Dans les premières années de ce blog j’avais publié un article (« On achève bien les chevaux ») sur la fin de vie que je publie à nouveau en le complétant.
Il y a de nombreuses années un ouvrage intitulé « Suicide, mode d'emploi » avait été édité. Mais ce livre avait été rapidement interdit. Nombre de suicides sont en effet des « suicides-chantages » et avec un bon mode d'emploi, de tels suicides risquaient d'être irréversibles à l'insu du plein gré de l'intéressé(e).
Actuellement, « l’assistance médicale pour mourir » (aide active, car l’euthanasie passive a toujours existé) est à nouveau sur la sellette (elle l’était à l’époque lointaine où j’avais écrit cet article et on voit qu’elle l’est encore) , toujours parce que cette pratique a droit de cité dans des pays voisins et que sa légalisation est réclamée par les partisans de « mourir dans la dignité ».
Sans prendre parti, car comment le faire, la vie est un bien éminemment personnel et chacun devrait pouvoir choisir sa fin (en sachant cependant que le choix n’est pas toujours le bon s’il ne correspond qu’à un état critique et provisoire), je voudrais faire quelques remarques en dehors de tout parti pris idéologique, qu’il soit religieux ou autre :
Le « médicale » passe très mal pour un médecin puisqu'il s'agit d'exécuter son patient lorsque celui-ci n'a pas le courage ou la possibilité de se suicider. La vocation du médecin n’est pas de donner la mort ou de favoriser le suicide.
Le « mourir dans la dignité » m'a toujours laissé perplexe. D'abord, parce qu'on ne laisse personne mourir de façon indigne quand on est digne d'appartenir au personnel de santé. Ensuite, mourir dans toute sa dignité serait mourir debout, sans altération de ses facultés mentales et physiques, c'est à dire peut-être un peu trop tôt et avec la possibilité de se suicider sans l'aide de personne. Enfin, pour avoir vu mourir des patients qui avait souscrit à cette association, à ce moment ultime leur ressenti était ailleurs et la dignité n'était pas leur préoccupation principale.

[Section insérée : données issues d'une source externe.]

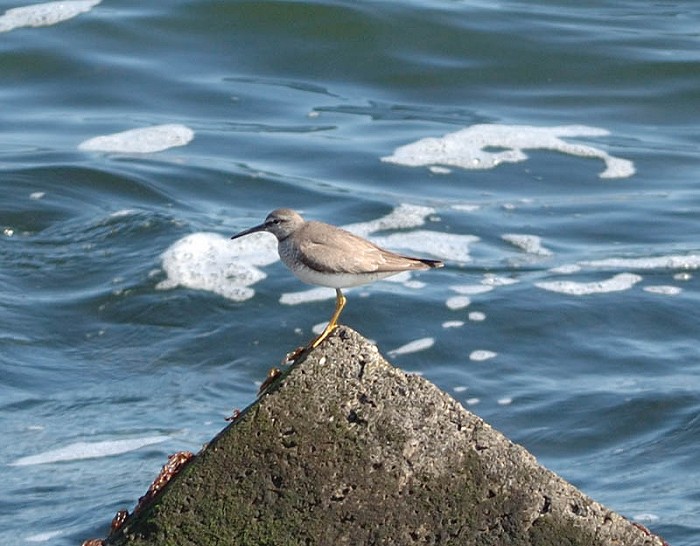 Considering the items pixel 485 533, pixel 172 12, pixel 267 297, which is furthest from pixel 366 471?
pixel 172 12

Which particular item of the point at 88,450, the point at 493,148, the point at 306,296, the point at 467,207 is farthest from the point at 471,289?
the point at 88,450

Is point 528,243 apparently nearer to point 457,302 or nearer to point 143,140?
point 457,302

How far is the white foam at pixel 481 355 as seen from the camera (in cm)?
963

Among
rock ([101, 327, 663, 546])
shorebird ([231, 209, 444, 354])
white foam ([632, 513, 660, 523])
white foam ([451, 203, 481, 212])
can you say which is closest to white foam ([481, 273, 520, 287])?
white foam ([451, 203, 481, 212])

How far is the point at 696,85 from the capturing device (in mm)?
15492

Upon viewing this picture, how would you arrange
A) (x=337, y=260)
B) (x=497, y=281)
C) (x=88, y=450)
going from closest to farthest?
(x=337, y=260)
(x=88, y=450)
(x=497, y=281)

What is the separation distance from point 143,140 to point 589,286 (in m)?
5.26

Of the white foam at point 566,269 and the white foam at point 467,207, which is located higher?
the white foam at point 467,207

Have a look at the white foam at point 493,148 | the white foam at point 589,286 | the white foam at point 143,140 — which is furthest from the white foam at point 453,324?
the white foam at point 143,140

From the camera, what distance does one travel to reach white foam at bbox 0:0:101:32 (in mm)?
16531

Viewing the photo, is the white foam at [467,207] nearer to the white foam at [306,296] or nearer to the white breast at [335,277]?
the white foam at [306,296]

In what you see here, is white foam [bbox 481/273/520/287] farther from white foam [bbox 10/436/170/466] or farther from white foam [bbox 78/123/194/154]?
white foam [bbox 78/123/194/154]

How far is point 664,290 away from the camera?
10.7 metres

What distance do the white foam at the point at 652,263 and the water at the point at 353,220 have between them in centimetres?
4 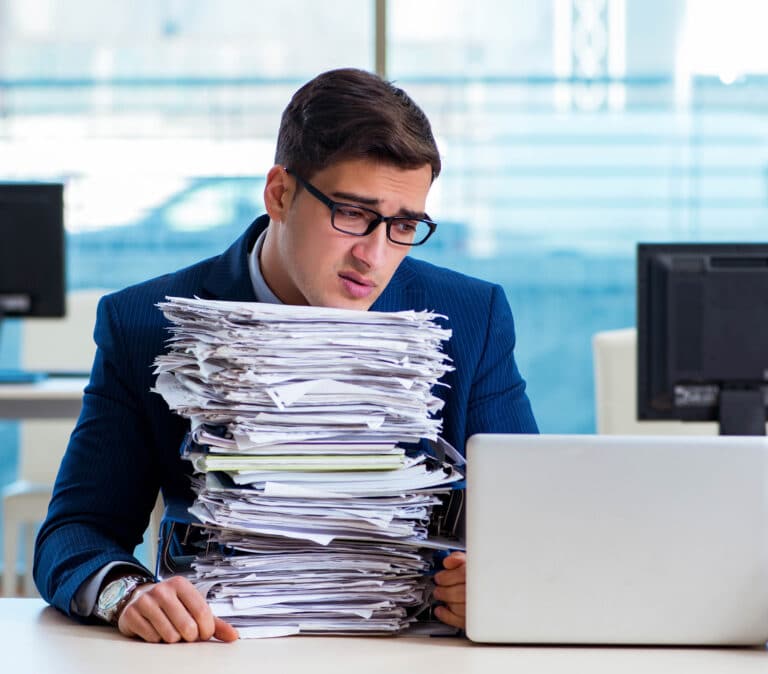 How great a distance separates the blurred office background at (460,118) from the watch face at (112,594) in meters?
3.40

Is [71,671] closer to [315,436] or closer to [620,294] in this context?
[315,436]

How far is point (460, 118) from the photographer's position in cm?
455

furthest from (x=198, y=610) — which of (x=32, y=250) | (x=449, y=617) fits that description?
(x=32, y=250)

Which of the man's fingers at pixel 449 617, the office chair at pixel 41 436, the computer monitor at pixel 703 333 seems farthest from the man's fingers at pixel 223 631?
the office chair at pixel 41 436

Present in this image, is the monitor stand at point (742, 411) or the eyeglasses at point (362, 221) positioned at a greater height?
the eyeglasses at point (362, 221)

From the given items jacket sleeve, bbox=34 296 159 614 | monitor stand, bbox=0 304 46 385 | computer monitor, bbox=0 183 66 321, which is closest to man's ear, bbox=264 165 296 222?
jacket sleeve, bbox=34 296 159 614

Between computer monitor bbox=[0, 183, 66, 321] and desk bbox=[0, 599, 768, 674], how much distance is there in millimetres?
2572

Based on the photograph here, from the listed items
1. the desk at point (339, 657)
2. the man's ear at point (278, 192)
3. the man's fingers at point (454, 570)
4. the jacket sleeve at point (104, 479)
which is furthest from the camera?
the man's ear at point (278, 192)

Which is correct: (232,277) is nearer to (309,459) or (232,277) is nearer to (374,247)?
(374,247)

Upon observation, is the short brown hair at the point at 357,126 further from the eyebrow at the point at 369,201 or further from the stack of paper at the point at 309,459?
the stack of paper at the point at 309,459

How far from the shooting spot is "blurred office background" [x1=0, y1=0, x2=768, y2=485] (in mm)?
4492

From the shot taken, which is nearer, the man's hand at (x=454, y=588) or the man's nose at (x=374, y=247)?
the man's hand at (x=454, y=588)

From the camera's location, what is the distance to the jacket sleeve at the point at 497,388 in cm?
A: 158

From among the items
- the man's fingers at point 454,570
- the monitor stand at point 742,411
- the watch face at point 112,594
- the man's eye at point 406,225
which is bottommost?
the watch face at point 112,594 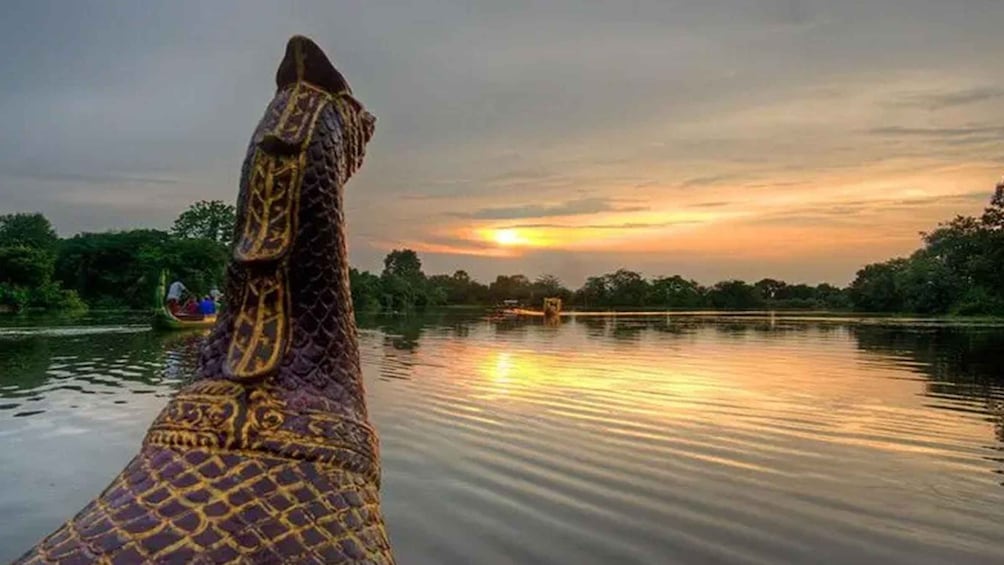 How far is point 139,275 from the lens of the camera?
6919 centimetres

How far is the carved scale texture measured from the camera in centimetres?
157

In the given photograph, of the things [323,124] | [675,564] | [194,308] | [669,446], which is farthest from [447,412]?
[194,308]

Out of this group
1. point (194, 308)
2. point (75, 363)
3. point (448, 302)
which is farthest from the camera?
point (448, 302)

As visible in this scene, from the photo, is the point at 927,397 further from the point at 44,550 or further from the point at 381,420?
the point at 44,550

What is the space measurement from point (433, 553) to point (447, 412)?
627 centimetres

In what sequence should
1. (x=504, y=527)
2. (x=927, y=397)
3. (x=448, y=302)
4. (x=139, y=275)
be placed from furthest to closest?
(x=448, y=302) < (x=139, y=275) < (x=927, y=397) < (x=504, y=527)

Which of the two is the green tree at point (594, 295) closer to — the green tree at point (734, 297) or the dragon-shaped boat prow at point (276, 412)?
the green tree at point (734, 297)

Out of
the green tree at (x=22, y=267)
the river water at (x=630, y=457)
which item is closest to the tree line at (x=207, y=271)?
the green tree at (x=22, y=267)

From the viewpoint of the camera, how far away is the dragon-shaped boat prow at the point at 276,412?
158 centimetres

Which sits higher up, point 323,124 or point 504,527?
point 323,124

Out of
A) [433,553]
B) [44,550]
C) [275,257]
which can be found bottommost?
[433,553]

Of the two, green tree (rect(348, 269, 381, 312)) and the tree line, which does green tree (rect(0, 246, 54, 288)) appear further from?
green tree (rect(348, 269, 381, 312))

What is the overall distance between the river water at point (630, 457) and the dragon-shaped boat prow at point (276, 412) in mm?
3880

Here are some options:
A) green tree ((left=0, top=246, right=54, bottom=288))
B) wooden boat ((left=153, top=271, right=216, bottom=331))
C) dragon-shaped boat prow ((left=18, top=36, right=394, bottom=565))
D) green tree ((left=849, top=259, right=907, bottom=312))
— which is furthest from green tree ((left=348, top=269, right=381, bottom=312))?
dragon-shaped boat prow ((left=18, top=36, right=394, bottom=565))
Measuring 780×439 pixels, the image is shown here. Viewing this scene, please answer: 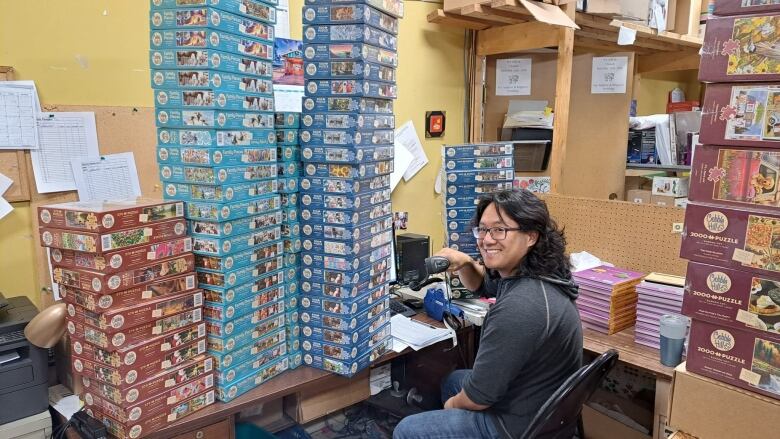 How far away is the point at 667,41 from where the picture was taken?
3318mm

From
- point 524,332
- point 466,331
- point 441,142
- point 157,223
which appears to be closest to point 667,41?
point 441,142

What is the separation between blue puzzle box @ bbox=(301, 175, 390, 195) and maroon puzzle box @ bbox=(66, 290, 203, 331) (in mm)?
524

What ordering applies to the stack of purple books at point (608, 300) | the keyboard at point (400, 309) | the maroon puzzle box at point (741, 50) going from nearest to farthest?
the maroon puzzle box at point (741, 50) → the stack of purple books at point (608, 300) → the keyboard at point (400, 309)

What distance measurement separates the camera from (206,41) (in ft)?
5.09

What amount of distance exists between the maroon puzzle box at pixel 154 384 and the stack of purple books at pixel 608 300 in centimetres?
150

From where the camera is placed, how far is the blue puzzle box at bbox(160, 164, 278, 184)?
1609mm

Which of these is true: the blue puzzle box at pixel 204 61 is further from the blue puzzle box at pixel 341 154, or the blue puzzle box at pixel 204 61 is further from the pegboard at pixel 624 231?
the pegboard at pixel 624 231

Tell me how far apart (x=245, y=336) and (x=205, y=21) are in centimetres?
99

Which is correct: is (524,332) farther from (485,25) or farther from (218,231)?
(485,25)

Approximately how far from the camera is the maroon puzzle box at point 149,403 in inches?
58.9

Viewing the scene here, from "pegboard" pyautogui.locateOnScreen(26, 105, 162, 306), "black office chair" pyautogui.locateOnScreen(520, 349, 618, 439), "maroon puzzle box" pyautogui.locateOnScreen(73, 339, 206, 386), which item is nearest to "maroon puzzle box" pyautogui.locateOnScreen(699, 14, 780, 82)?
"black office chair" pyautogui.locateOnScreen(520, 349, 618, 439)

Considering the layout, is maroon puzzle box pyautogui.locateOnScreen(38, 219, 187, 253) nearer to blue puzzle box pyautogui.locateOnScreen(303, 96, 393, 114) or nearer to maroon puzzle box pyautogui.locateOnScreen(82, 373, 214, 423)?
maroon puzzle box pyautogui.locateOnScreen(82, 373, 214, 423)

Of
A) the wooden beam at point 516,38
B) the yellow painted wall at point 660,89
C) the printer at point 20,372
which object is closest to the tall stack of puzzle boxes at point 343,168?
the printer at point 20,372

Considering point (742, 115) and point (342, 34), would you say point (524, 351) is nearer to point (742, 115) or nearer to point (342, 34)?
point (742, 115) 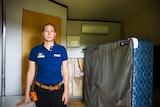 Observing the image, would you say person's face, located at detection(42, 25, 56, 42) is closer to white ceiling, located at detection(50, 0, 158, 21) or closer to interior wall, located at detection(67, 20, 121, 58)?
white ceiling, located at detection(50, 0, 158, 21)

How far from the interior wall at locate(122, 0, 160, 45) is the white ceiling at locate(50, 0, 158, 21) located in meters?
0.10

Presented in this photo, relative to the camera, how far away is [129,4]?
10.4 ft

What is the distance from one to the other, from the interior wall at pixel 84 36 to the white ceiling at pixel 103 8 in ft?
0.68

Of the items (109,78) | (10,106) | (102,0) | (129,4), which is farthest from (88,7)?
(10,106)

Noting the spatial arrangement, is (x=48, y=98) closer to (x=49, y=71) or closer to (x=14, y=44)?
(x=49, y=71)

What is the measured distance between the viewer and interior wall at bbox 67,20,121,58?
A: 4.44 meters

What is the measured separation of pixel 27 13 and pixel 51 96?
1621mm

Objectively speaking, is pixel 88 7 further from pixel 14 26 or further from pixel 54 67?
pixel 54 67

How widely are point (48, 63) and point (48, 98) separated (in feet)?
1.17

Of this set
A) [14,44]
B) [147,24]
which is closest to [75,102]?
[14,44]

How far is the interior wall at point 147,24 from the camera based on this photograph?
115 inches

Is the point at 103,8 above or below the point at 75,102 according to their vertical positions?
above

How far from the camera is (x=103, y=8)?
3.48m

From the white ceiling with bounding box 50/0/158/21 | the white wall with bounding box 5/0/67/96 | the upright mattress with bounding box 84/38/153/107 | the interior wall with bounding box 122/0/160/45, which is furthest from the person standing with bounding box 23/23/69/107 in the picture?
the interior wall with bounding box 122/0/160/45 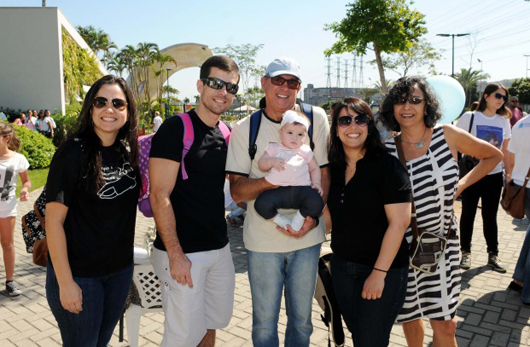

Les cas particuliers sont multiples, mais on peut les schématiser en quatre cas :
Dans le premier cas, la personne ne veut pas subir le déroulement d'une maladie et veut mettre fin à ses jours comme le candidat au suicide qui ne veut pas voir le déroulement de sa vie. Doit-on l'assister dans son suicide ? Doit-on être le serviteur qui poignarde son maître à sa demande et parce qu'il n'en a pas le courage ? S’il n’existe aucun espoir de guérison à moyen terme, si la souffrance existe ou la déchéance à brève échéance certaine, un malade qui veut interrompre sa vie « en douceur », avant de se confronter à une fin difficile, ira le faire dans un autre pays s’il est fortuné, les autres iront mourir lentement dans un service de soins palliatifs et quel que soit le dévouement des soignants, c’est une phase bien longue de déchéance et de souffrance sans espoir. Ceux qui avancent que la solution est dans le renforcement des soins palliatifs cherchent surtout à esquiver la question. Les soins palliatifs sont une nécessité, ce n’est pas la solution pour les malades qui veulent justement éviter de les subir. J'avoue avoir toujours été choqué de devoir concentrer les mourants dans un mouroir et les soins palliatifs (qui se bornent, en fait, à provoquer et à accompagner un état plus ou moins comateux) devraient pouvoir être faits en tout lieu, avec cependant la réserve, et elle est essentielle, que le personnel doit être formé pour une telle tâche.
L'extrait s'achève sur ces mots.